Borchardts Ode mit der Widmung "An Schröder" ist ein Herbstgedicht - "Wohl nicht klagend; aber der alten Totenklage gedenkend" -, das für Celans eigene Evokationen des Herbstes als Vorläufer erscheinen konnte: "nicht ohn ein reiferes Zeichen sollst du, / Ohn ein Opfer, das dir gemäßer sei, nicht / Stehn und suchen: Nimm den geheimnisvollen Apfel des Hades." Das Schicksal des Dichters der vierzehn gewaltigen Strophen ist bekannt. Einem der letzten Vernichtungstransporte entronnen, starb er Anfang 1945 in Österreich. Celan fährt fort: "Und dort gewann Bremen auch so Umriß für mich: in der Gestalt der Veröffentlichungen der Bremer Presse." In der Bremer Presse, deren Publikationen zu den Höhepunkten der Buchgestaltung gehören, waren die großen Anthologien Hofmannsthals und Borchardts erschienen, das "Deutsche Lesebuch", "Wert und Ehre deutscher Sprache" und "Der Deutsche in der Landschaft", in denen die Tradition eine zeitkritische Funktion gewann. Auch die "Neuen Deutschen Beiträge" gehörten zur Bremer Presse - gut möglich, daß Celan dem Namen Walter Benjamin hier zum ersten Mal begegnete.
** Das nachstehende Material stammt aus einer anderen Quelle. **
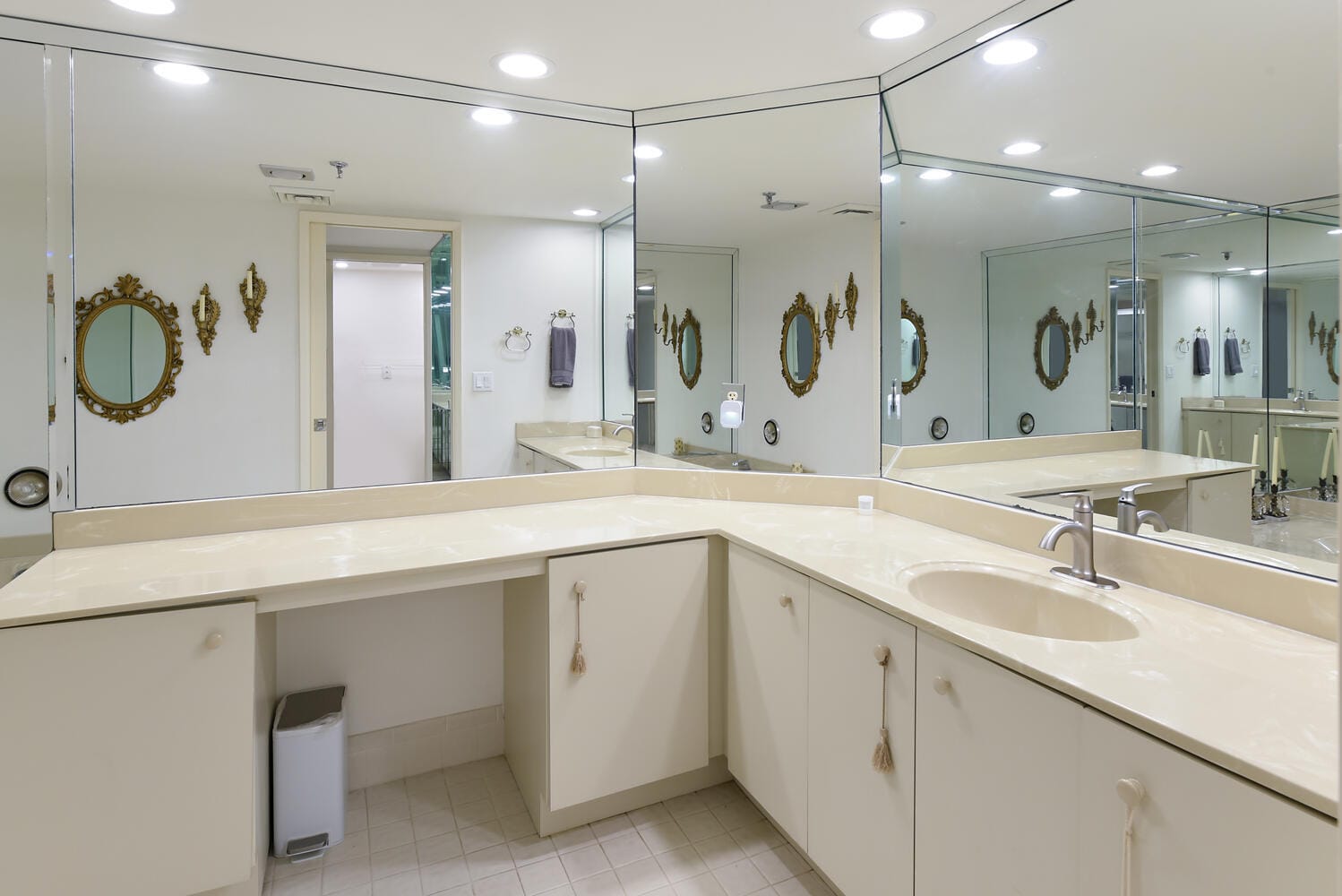 2427 Presidential Way 204, West Palm Beach, FL 33401 photo 13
Anders deutet John Felstiner, der neue Biograph des Dichters, die Szene: "Zu Ehren der preisverleihenden Stadt Bremen erwähnt Celan Rudolf Borchardts ,Ode mit dem Granatapfel' von 1907, die von der Bremer Presse veröffentlicht worden war. Borchardt war ein getaufter Jude, der für die Vorherrschaft der arischen Rasse eintrat. Ein derartiger Selbsthaß strafte in Celans Augen die deutsch-jüdische Vorkriegs-,Symbiose' Lügen - freilich mußten Celans Bremer Zuhörer 1958 die Anspielung auf Borchardt als Kompliment an die literarische Kultur ihrer Stadt verstehen." An dieser Darstellung stimmt so gut wie nichts. Weder erschien die Ode in der Bremer Presse, noch hat sich Borchardt, der gewiß manches Anfechtbare gesagt hat, aber politisch und nicht biologistisch dachte, jemals über die "arische Rasse" geäußert. Vor allem aber: Die Idee, in den Dank für eine Gabe, die man soeben annimmt, eine moralische Verächtlichmachung des Gebers einzuflechten, ist neueren Datums. Celan kannte sie nicht.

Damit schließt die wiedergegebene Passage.